The number of boys with eating disorder diagnoses was low; thus, girls were analyzed. The pandemic cohort included 348 187 girls (mean [SD] age, 11.03 [3.13] years), and the prepandemic cohort, 353 848 girls (mean [SD] age, 10.96 [3.15] years) (Table). For girls aged 6 to 12 years, we observed larger relative increases in the percentage with eating disorder diagnoses in the pandemic cohort: 66.90% (95% CI, 33.12%-100.67%) in primary care and 278.30% (95% CI, 160.44%-396.16%) in specialist care. For girls aged 13 to 16 years, the relative increase was 126.54% (106.48%-146.59%) in primary care and 95.96% (95% CI, 79.54%-112.38%) in specialist care. Increases were attributable to new cases.

The monthly percentage of girls with eating disorder diagnoses increased over time in the prepandemic cohort (Figure). The pattern was similar in the pandemic cohort but with a disruption after onset of the pandemic. The monthly percentage of girls aged 13 to 16 years with an eating disorder diagnosis ranged from 0.05% to 0.08% before the pandemic and from 0.15% to 0.20% after onset in primary care and from 0.27% in February 2019 to 0.74% in December 2021 in specialist care. The relative increase ranged from −11.89% (95% CI, −47.23% to 23.46%) in March 2020 to 194.63% (95% CI, 160.27%-228.99%) in February 2021 for primary care and from 11.06% (95% CI, −2.84% to 24.96%) in May 2020 to 150.70% (95% CI, 128.87%-172.53%) in November 2021 for specialist care and was statistically significant throughout 2021.

Among girls aged 6 to 12 years, the percentage with eating disorder diagnoses was lower but increased after March 2021. In specialist care, the percentage did not exceed 0.10%, but the relative increase remained greater than 200% after May 2021.

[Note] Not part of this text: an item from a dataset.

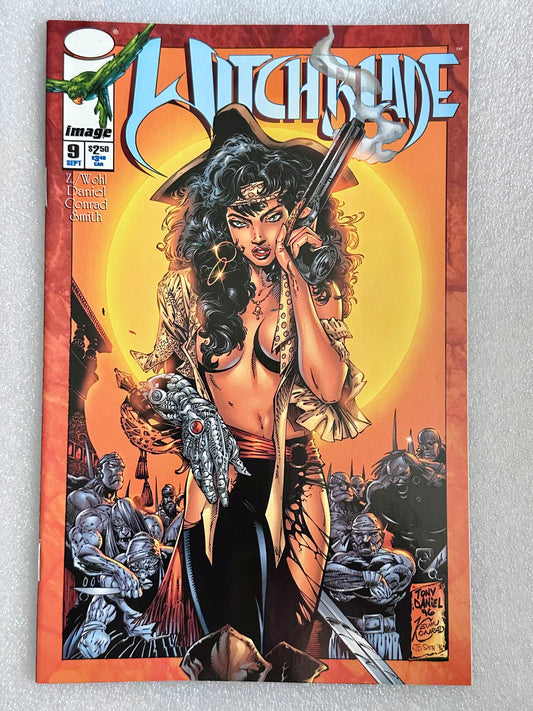 Witchblade #9 Tony Daniels Cover Image 1996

We found a substantial increase in the number of girls diagnosed with eating disorders in Norway starting after onset of the COVID-19 pandemic. The timing of the trend disruption suggests that the increase was associated with societal changes induced by the pandemic, including restrictions placed on youth’s lives, education, and activities. Limitations were that follow-up was incomplete for teenagers older than 16 years, we could not distinguish between eating disorder subtypes, and diagnostic data were not validated. Our findings are similar to those from North America,1-4 suggesting that the increase in eating disorders occurred internationally.